• **ASSIGNED TASK**:
A word-for-word copy of the data is what's wanted; pictures stay out of it.

• **SOURCE DATA**:
───
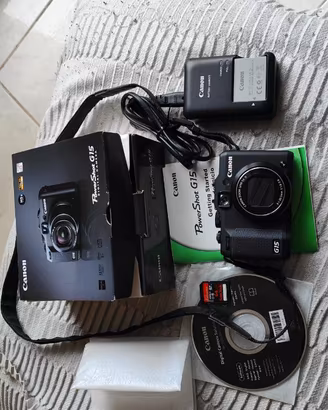 Canon PowerShot G15 – Compatta Premium Avanzata, O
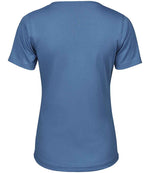 Tee Jays Ladies Interlock T-Shirt Ocean Blue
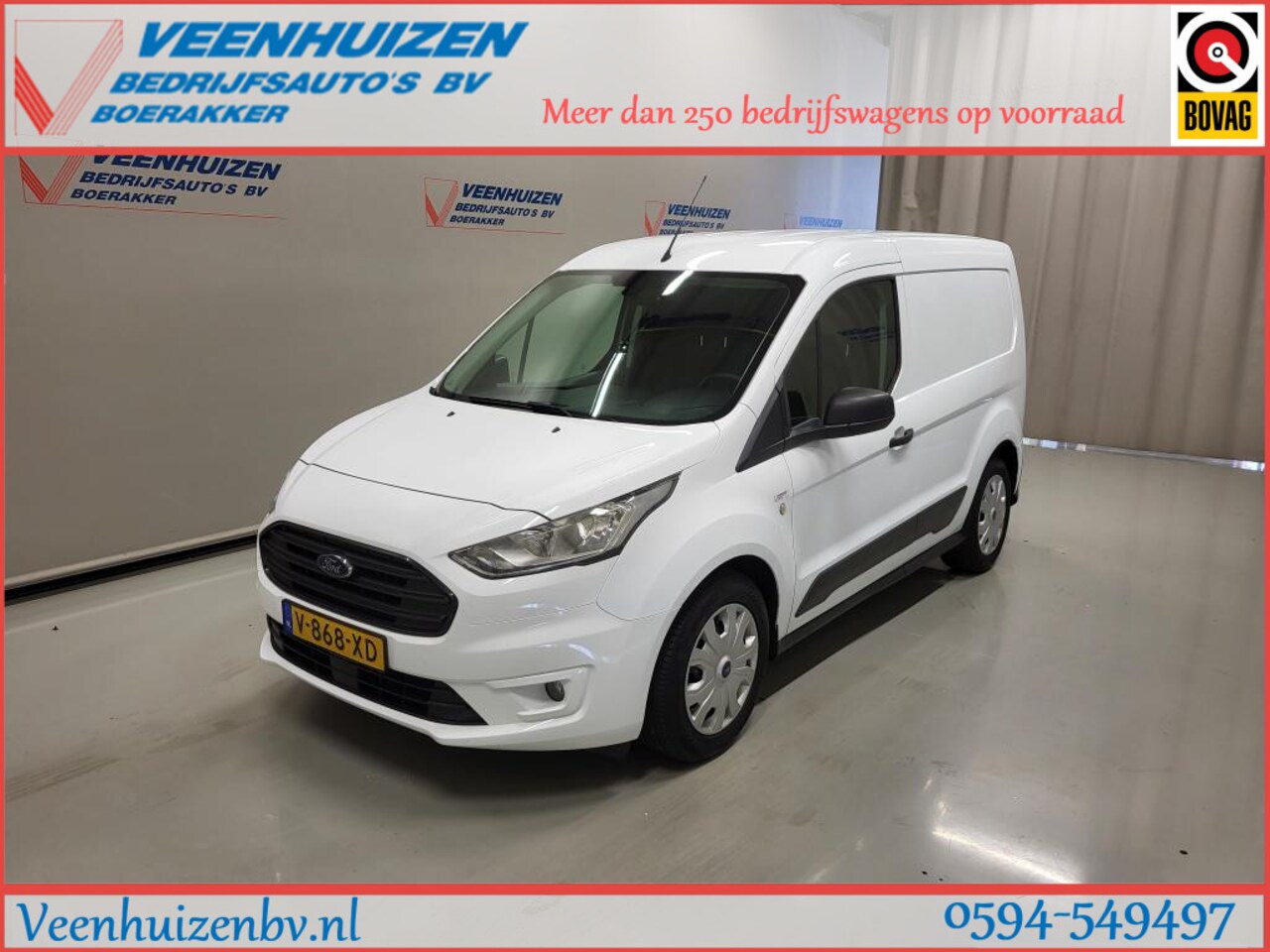 Ford Transit Connect - 1.5EcoBlue Airco Euro 6! - AutoWereld.nl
───
• **EXERCISE ANSWER**:
 Canon PowerShot G15 – Compatta Premium Avanzata, O
 Tee Jays Ladies Interlock T-Shirt Ocean Blue
 Ford Transit Connect - 1.5EcoBlue Airco Euro 6! - AutoWereld.nl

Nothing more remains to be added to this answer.